The AIM Network

The 3 Cs: Collusion, Corruption and the Coalition

Image from thenewdaily.com.au (AAP photo)

Don’t get me wrong.

I do not think for one moment that the Coalition parties are the only political parties in Australia which lack integrity, transparency and a desire to benefit the electors more than themselves.

However, on Thursday 13/02/20, during the Senate inquiry into the sports grant awards, the following, fairly lengthy, exchange, as reported in Crikey Daily on Friday 14/02/20, took place between Senator Abetz and Brian Boyd, an Executive Director in the Auditor General’s Office:

‘SENATOR ERIC ABETZ (Liberal Senator for Tasmania): ” … I seek to clarify, you did find that no ineligible project or application was funded?”

BRIAN BOYD: “No Senator that’s not what we found. So if you go to the start of chapter three, which is the chapter on assessment, the finding there was ‘ineligible applications were identified and no applications assessed as ineligible were awarded grant funding’.

“So that’s the Sport Australia eligibility assessment process. What then happened subsequently was there’s applications, late applications were taken on board, which were ineligible under the guidelines.

“Amendments were made for existing applications which were ineligible under the guidelines and they were funded.

“But at the time – this relates to the Sport Australia assessment process. Sport Australia removed from its list those assessed as ineligible – that’s what that finding is.

“Subsequent to that there were the five new applications, the four amended applications.
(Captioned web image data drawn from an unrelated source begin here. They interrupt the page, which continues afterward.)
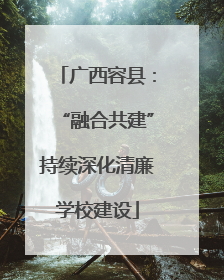 广西容县：“融合共建”持续深化清廉学校建设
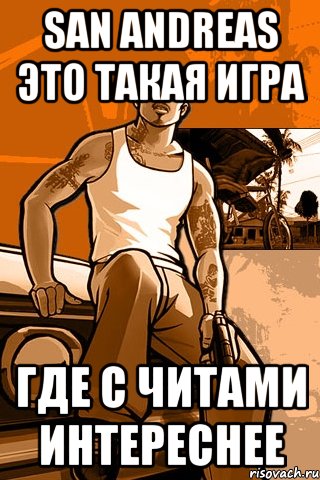 san andreas это такая игра где с читами интереснее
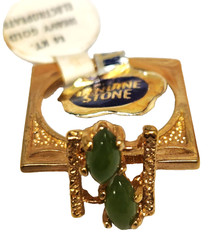Vintage NOS 14K Heavy Gold Electroplate Marquise Shape Nephrite Jade Ring 6.5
And then because things took longer – because you are now running two rounds, rather than three, and funding agreements are in place – you had eight projects where, according to the details provided by the proponent, the project had been completed before the funding grant was signed. They’re ineligible under the program.
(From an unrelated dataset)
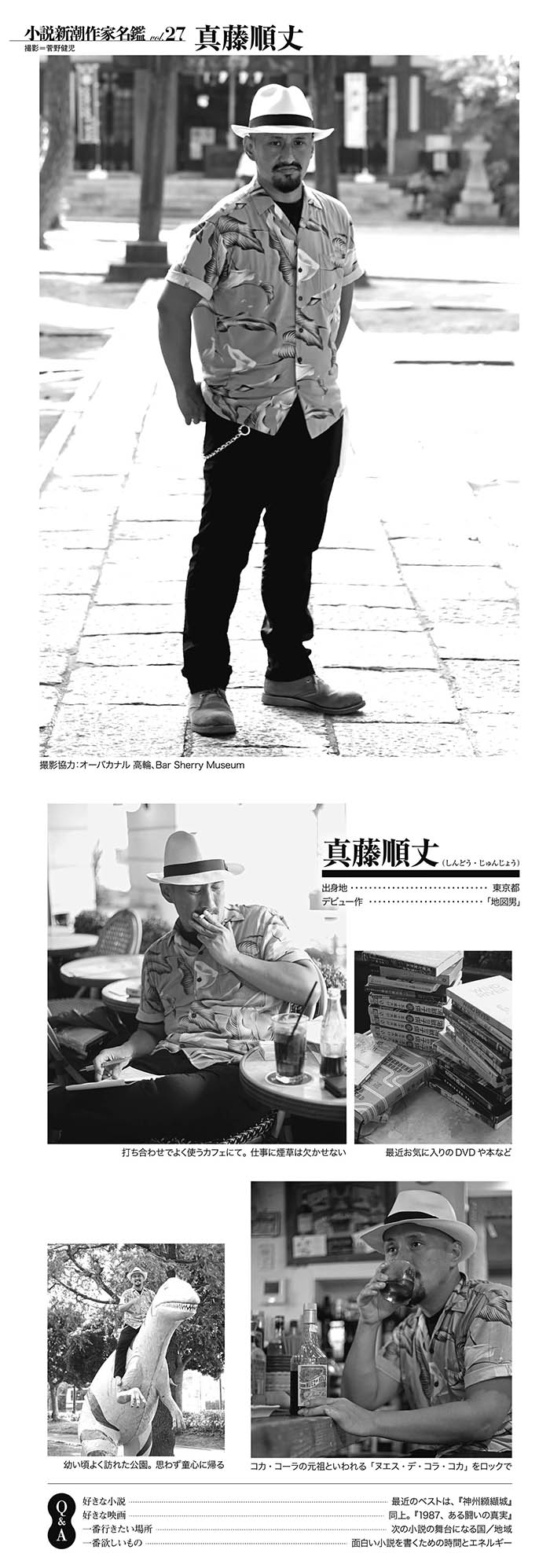 vol.27　真藤順丈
“And there were 270 something where the project had started before the funding agreement was signed, which is also ineligible under the program. So we get to around 43% of those which were awarded funding, by the time the funding agreement signed, were ineligible.”’

It will be really interesting in due course to actually read in full what is revealed to the Senate Inquiry concerning the extent of communication between the PM’s office and the Sports Minister and the inquiry by Phil Gaetjens. The latter has clearly been significantly paraphrased by the PM in reporting the findings to Parliament.

We already know that this is not the first time that slush funding for sporting bodies in the run up to an election has been abused. Ros Kelly, the 1993 Labor Sports Minister was forced out of office in 1994 and later resigned from Parliament altogether.

First as a university lecturer and later as a lawyer, I have served on three different University Human Research Ethics Committees, which have really strict guidelines. Those guidelines apply whether the research is medical – where they are even stricter – or in social science areas but still collecting date from human beings. In the veterinary sciences there are similar research ethics committees.

As a lawyer, a compulsory unit of study is ethics and I doubt that is the only discipline area to which this applies. Most professions have requirements regarding continuous reaccreditation, as I know from first-hand experience both as a lawyer and as a mediator, and most also have disciplinary bodies with the power to limit or prevent practice by a member of that profession.

Yet when it comes to politics – it is horribly clear that anything goes!

Thus we have to drag a government, kicking and screaming, to a Royal Commission, when it comes to issues like banking and aged care, where poor regulation and supervision can be literally a life and death situation and where the terms of reference seldom fully encompass the needs for enquiry and the following up is seldom effected satisfactorily.

Why?

Because politicians of most flavours receive party donations on a significant scale which discourages them from being too critical to the donors.

Why else did we wait so long for smoking to be curtailed?

Why else are we still waiting for action on phasing out fossil fuels?

And what is the background of most politicians?

Once upon a time, politicians had a wide variety of backgrounds, and usually some work-life experience before entering politics. Nowadays we still have a significant number of lawyers – which is a mixed blessing! – but are represented mainly by political apparatchiks who have spent most of their adult lives to date in a political party environment.

On the pretext that they have nobly abandoned a lucrative career in order to work for the common good, they vote themselves generous-to-a-fault superannuation schemes which the average working person could only dream of and have generous allowances, claims for which depend on their integrity.

I am leaving out a lot of detail here, because most of us who ever stop to look closely at politics know only too well that the balance between public duty and personal benefit leaves none of them short changed.

So – where are we?

Looking back over the last few years, I would sum it up like this:

We have a prime Minister who is not interested in honesty, does not seek the best for the Australian people, and has a single focus which is keeping his party – and himself – in power.

Integrity? MIA.

Transparency? MIA.

Suitability for office? Absolutely none!

Once more – this is my 2020 new Year Resolution:

“I will do everything in my power to enable Australia to be restored to responsible government.”